Select Committee on Environmental Audit Fifth Report


THE GREENING GOVERNMENT INITIATIVE:

FIRST ANNUAL REPORT FROM THE GREEN MINISTERS COMMITTEE

Environmental appraisal of policies

28. In our second report on the Greening Government Initiative, and again in our report on the Comprehensive Spending Review, we expressed our concern over the lack of evidence of significant progress with respect to the conduct of environmental appraisal.[33] The Green Ministers report contains a section on environmental appraisal which sets out steps being taken to monitor and develop the initiative as well as a summary of the approaches taken by individual departments.[34] The report sets out a list of mechanisms departments use to ensure that environmental appraisal is properly undertaken. From the summary of approaches by individual departments it appears that not all these steps are employed by all concerned. From this summary list we have generated the following table to illustrate what we regard to be a more useful approach to setting out progress—that is, defining common standards and assessing departmental performance against them.


(1) The table is based on departments' summary statements in Table 3.2 of the GMCR 1998/99 as against a set of steps identified by the Committee. Steps explicitly undertaken are marked by crosshatching - steps implied by specific undertakings are indicated by single lines.

(2) This refers to the existence of a standing requirement. We note below the specific published appraisals identified by Green Ministers.

(3) These departments also refer to work undertaken to advance the initiative across government as a whole.

We do not regard the approach adopted in the Green Ministers' report to demonstrating progress on environmental appraisal to be an adequate response to the effort we called for in our second Greening Government report.[35]


(i) Scope

29. The section starts by asserting that all departments will have at least some policies which impact on the environment and, later on, states clearly that the requirement to consider environmental costs and benefits of policies means:


We support making an effort to direct finite resources to where they will yield the most return. A blanket requirement to fully appraise the environmental impacts of any and all policies would be pointless and bring the initiative into disrepute. It does seem right however, that a screening process is adopted by all departments so as to prevent potentially significant impacts slipping through the net. The Green Ministers Committee has already produced a user-friendly guide to environmental appraisal—perhaps it should now produce a model policy and guide on screening proposals for potential environmental impact including the practical steps to take and thresholds for triggering full appraisal.

30. The report also states that decisions on publication of environmental appraisals are for each department to take. We were disappointed to see that only the Department for Education and Employment is explicitly committed to systematic publication of the results of screening and appraisal of all policy proposals for environmental impacts. We were particularly surprised that the Department of the Environment, Transport and the Regions, in leading the initiative on environmental appraisal, does not make a similar commitment. We note that even the DfEE's commitment appeared to be inconsistent as elsewhere in the report that department states that it is set to screen only "a number" of forthcoming policies for significant environmental impact.[37]
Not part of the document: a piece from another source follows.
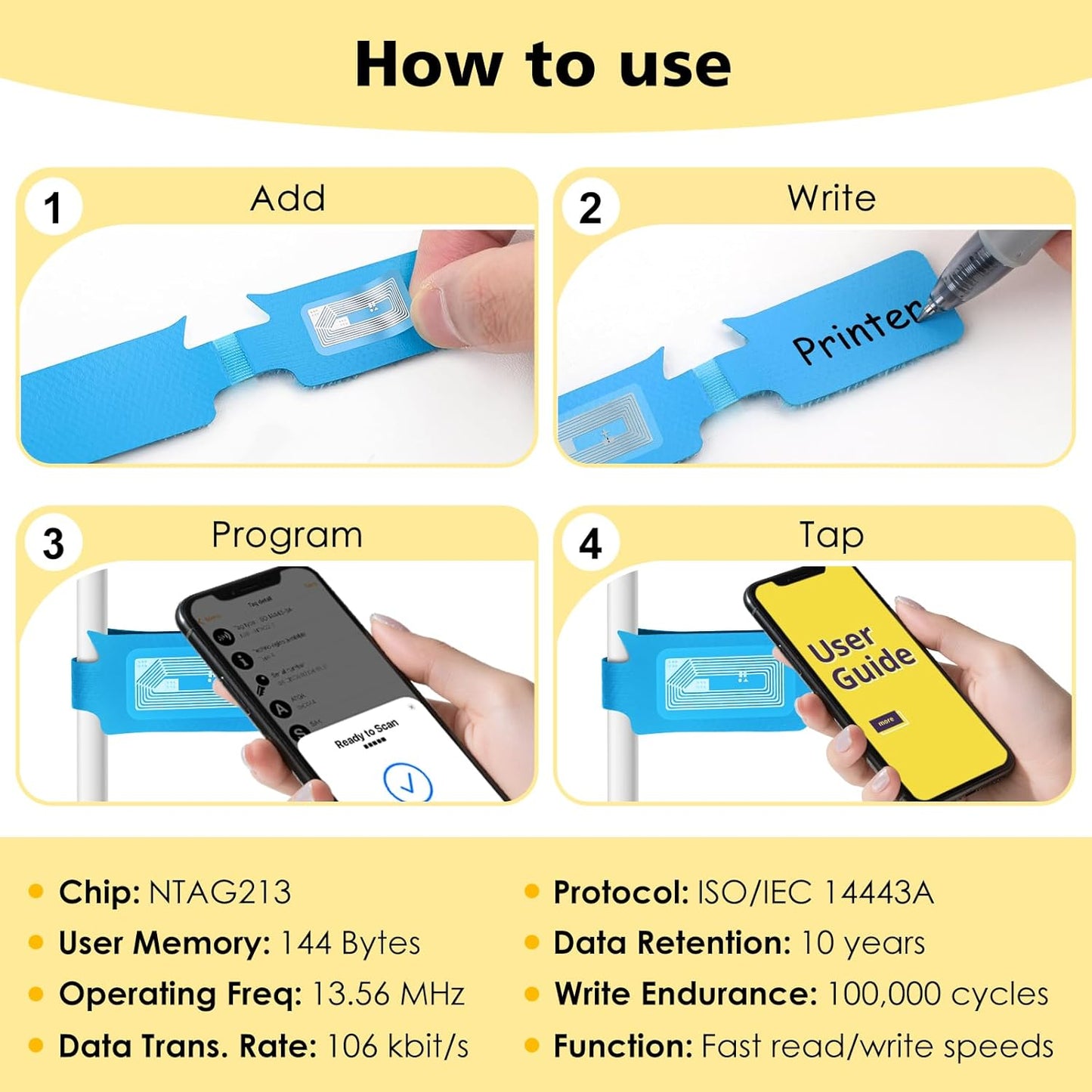 24 Set Smart NFC Cable Labels - 8 Colors Reusable Write-On Wire Labels with Blank NFC Tags, Programmable Cord Identification Labels for Electronics Cable Management, Oval and Rectangle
(ii) Options appraisal versus impact assessment

31. We believe that the Green Ministers report marks something of a retreat from the Government's original commitments on environmental appraisal of policy. Policy Appraisal and the Environment was rightly concerned with integrating environmental issues into the appraisal of options for achieving the policy objectives, ie right from the start. The guidance seeks to set out practical steps for comparing the relative environmental impacts of different options. This accords with the Prime Minister's UN statement, quoted above[38], that 'environmental considerations must be integrated into all decisions at the start not bolted on later'.

32. We see indications in this report that the Government is blurring the distinction between 'options appraisal' and 'impact assessment' (which is likely to be much more about defending decisions). English Nature wrote that "Chapter 3 provides a glowing picture...Our experience has been that this process [environmental appraisal] is not well entrenched in the policy development process across Government". English Nature went on to say that the DETR's appraisal of options for access to the countryside remains the only example of appraisal which they had seen that made a genuine attempt to set out the environmental effects against the costs of each option.[39]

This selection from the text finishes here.